═════ Data segment

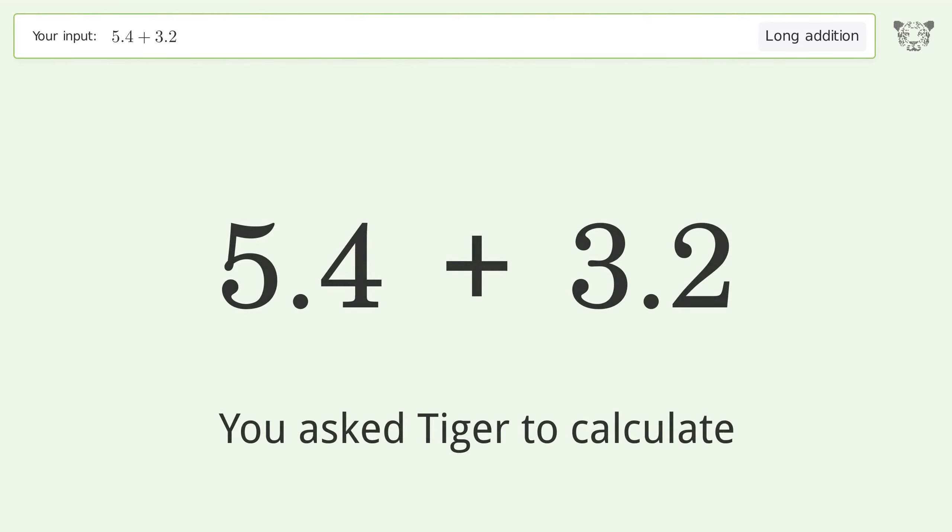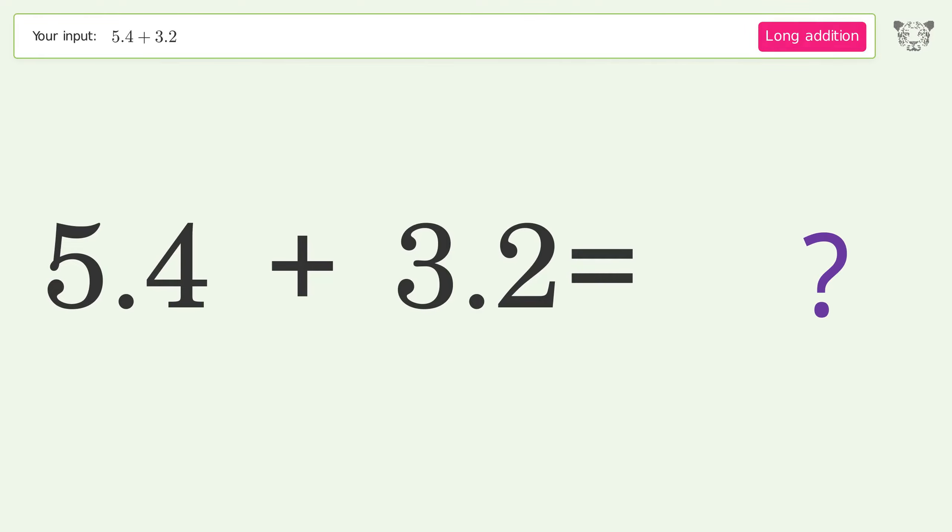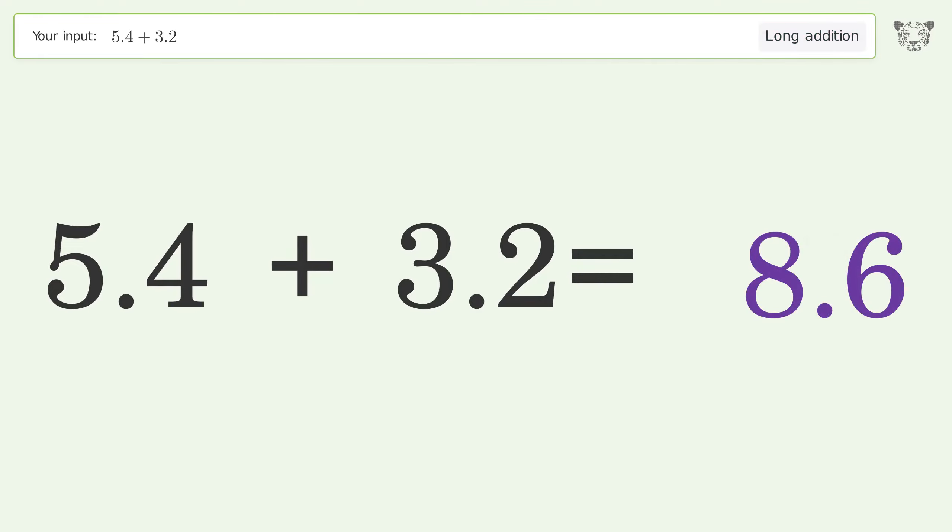You asked Tiger to calculate. This deals with long addition; the final result is 8.6.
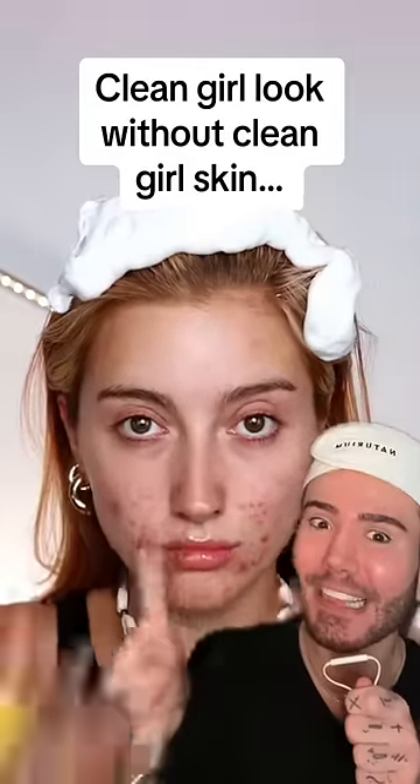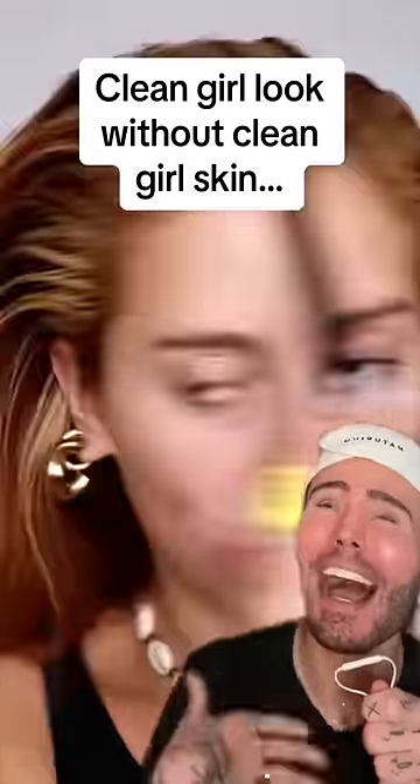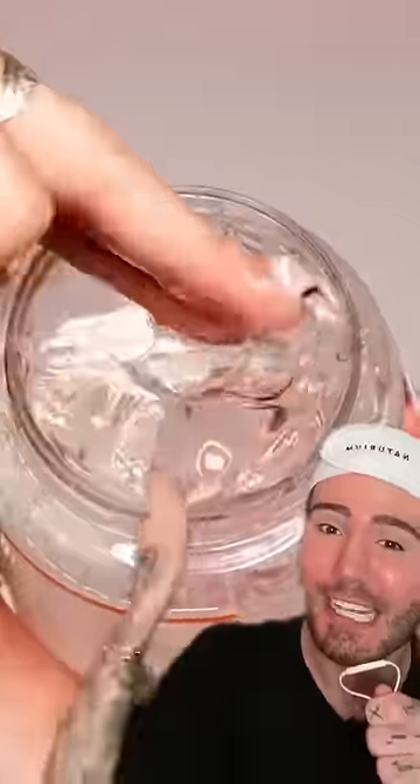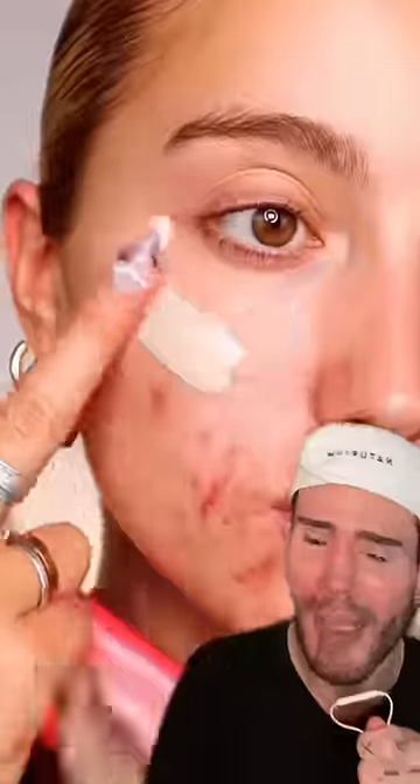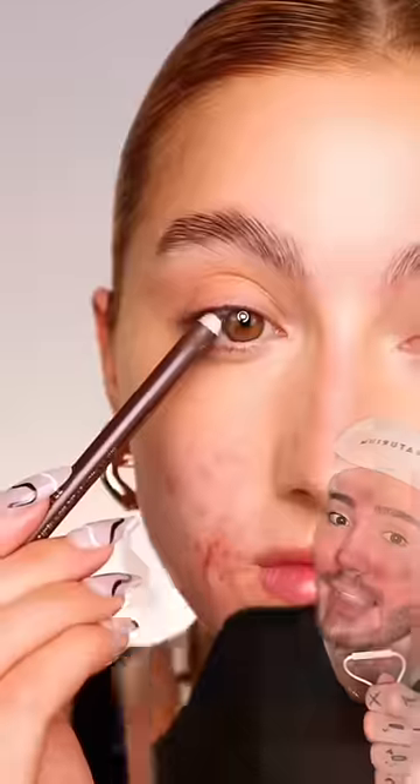Clean girl look without clean girl skin — I love this message, I love this routine. You don't need to have amazing, perfect skin to wear makeup. We're doing soapy brows — I love this trend because they look so natural — and applying concealer just under the eyes.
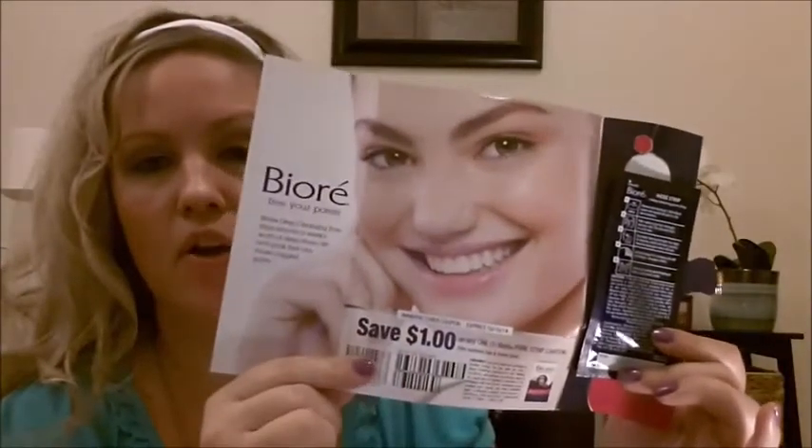The next thing we got was a Walmart freebie — it's the Biore. They sent a free strip, and they also included a dollar off coupon.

══════════

### [Task prompt]
Write each line exactly as it appears, from the line that holds "Clean girl look" through the closing line of the data above, and leave every picture out.

### [Response to the exercise]
Clean girl look without clean girl skin — I love this message, I love this routine. You don't need to have amazing, perfect skin to wear makeup. We're doing soapy brows — I love this trend because they look so natural — and applying concealer just under the eyes.
The next thing we got was a Walmart freebie — it's the Biore. They sent a free strip, and they also included a dollar off coupon.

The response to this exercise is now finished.